Sábado 20 de Julio de 2019

24 horas en la muerte de Juan Domingo Perón

(En el mes del 45° aniversario de su muerte). Por Patricio Kenny.

Eran las dos y diez de la tarde del primero de julio del 74 cuando un estupor apenas verosímil se apoderó de los argentinos: es que una hora antes, -a las 13.15 aproximadamente- había fallecido el general Perón. En Buenos Aires, en sus calles céntricas, en las hondas barriadas industriales, en las precarias villas que la circundan, un dolor que no reconocía excepciones se instaló definitivamente. Cada esquina, cualquier recoveco, sirvió para que la gente repitiera, consternada, la increíble noticia.                                                     

En Avellaneda  –a excepción de algunos obreros y empleados que en sus lugares de trabajo seguían los acontecimientos por las radios a transistores-,  los primeros en acusar el impacto que produjo la muerte de Perón, fueron los automovilistas.  

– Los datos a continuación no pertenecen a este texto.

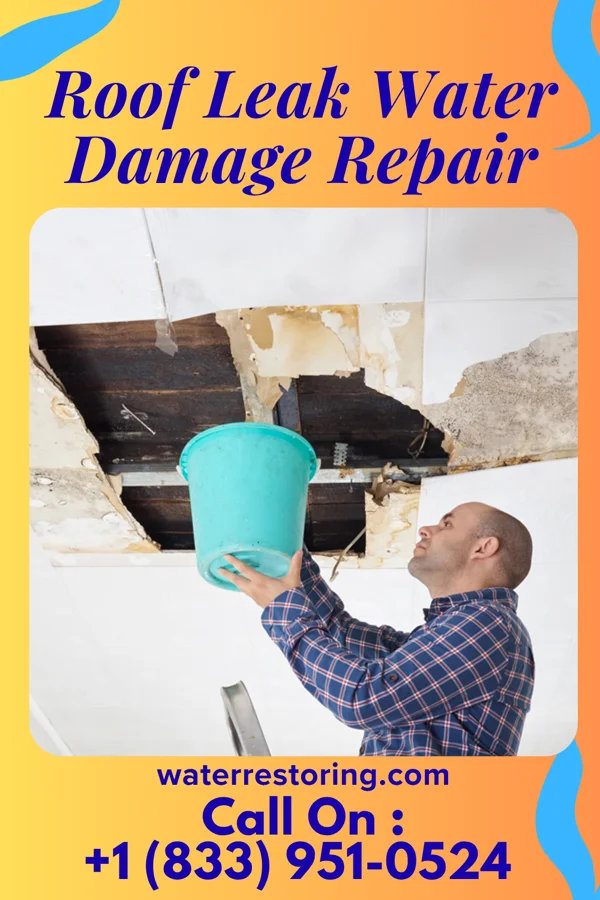 Roof Leak Water Damage Repair in Nederland, CO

En los semáforos los choferes parecían establecer una posta de miradas angustiadas. Muchos no podían reprimir un súbito, contagioso llanto. Algunos se detenían en las puertas de los comercios y gritaban la triste novedad: era un desahogo necesario. De pronto, en todos los sectores, en todas las barriadas, se inició una corrida incomprensible hacia almacenes y proveedurías. Largas colas festonearon, de esa manera, una de las tardes más apesadumbradas de que tengan memoria los habitantes de Buenos Aires. En la espera la evocación del líder era inevitable.

Frente a un abarrotado mercadito de la estupefacta calle Corrientes al 2300, una acongojada matrona daba rienda suelta a su explicable sorpresa: “Pobre -contaba a una vecina de cola-, yo creí que se salvaba. Como había mejorado en las últimas horas...”.  

La reflexión de su interlocutora remontó ancestrales tradiciones: “yo también tuve esa esperanza, pero era la mejoría antes de la muerte”. Otra señora agregó: “Siento un dolor aquí en el pecho que no le digo nada, es como si se me hubiera muerto un pariente. ¿Qué pasara ahora?”.

Esa misma pregunta se la formulaban todos los argentinos; casi nadie quería imaginarse cómo sería el país sin la presencia de Perón. Líder carismático y paternal. Había dejado millones de huérfanos que lo lloraban desconsoladamente.

Mi padre me contó una decena de episodios que, juntos, conforman una selva de pasiones contenidas y desbordadas; algunas me sirvieron para componer este humilde ensayo literario de nuestra historia.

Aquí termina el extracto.